The 13 layoffs come from “across the editorial and business teams.” Protocol’s staff page listed 35 people this morning.

I have to say I find this curious on a number of levels.

  • Most major media companies have not responded to COVID-19 with large-scale layoffs. They’ve instead leaned on more temporary cost-saving maneuvers: employee furloughs, limited-term pay cuts, and the like. They’ve done so precisely because they hope/assume that the economic shock of social distancing will at some point fade, allowing the fundamentals of their businesses to return to something in the neighborhood of normal.

    Many of those media companies have, it must be said, been in obvious and indisputable financial decline for a decade or more. And yet they’re more willing to think on a longer timescale than a well-funded startup that launched two calendar pages ago?

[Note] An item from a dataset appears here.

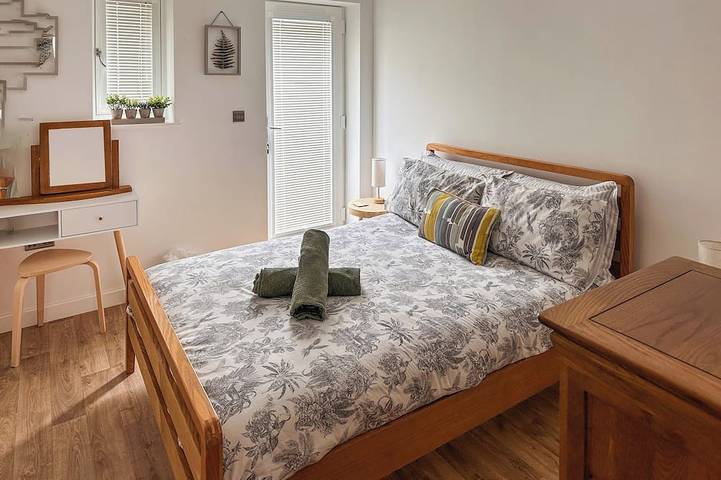 2 bedroom accommodation in West Mersea in Mersea Island, Colchester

  • Protocol is, unlike most digital media companies, not overly reliant on ad revenue. (“I know, maybe more than a lot of people, just how difficult it can be to rely on advertising alone in a digital space,” Grieve told us in February.) Advertising revenue has taken a brutal hit, but one would think Protocol would be in a relatively good to deal with it. And in any event, it just launched; this stage of a young news site’s life is more about proving your worth and building an audience so you can turn on the monetization a little later on.
  • Protocol’s target audience is, well, still doing fine? “Decision-makers in tech, business, and public policy” are still overwhelmingly employed; many of their employers seem well positioned to gain market power post-COVID, not lose it. A moment when literal trillions of government dollars are being disbursed — no small portion of it to major corporations — would seem like a perfect time for someone offering the sort of information value proposition Protocol intends.
  • The obvious way to make money with Protocol’s editorial promise and targeted audience is through paid products. Charge people [pick one: $100, $200, $400, $1,000] a year for [pick one: access to the site, premium content, a high-value membership, exclusive briefings, real-time updates]. A Protocol Pro doesn’t have to be a carbon copy of Politico Pro, but the basic model is a fit. But the staff memo indicates that paid products are now farther off than before (“this is not the right moment to launch those products”).
  • Finally, some of these employees have been with Protocol “from the early days of Protocol planning” last year. I don’t know the people on the business side, but a lot of the editorial people they hired were big gets from big national news outlets. You go through the trouble of recruiting and hiring these folks, pay them through six months of planning, and then let them go 11 weeks into publishing? It all just feels…odd, and not entirely COVID-inspired.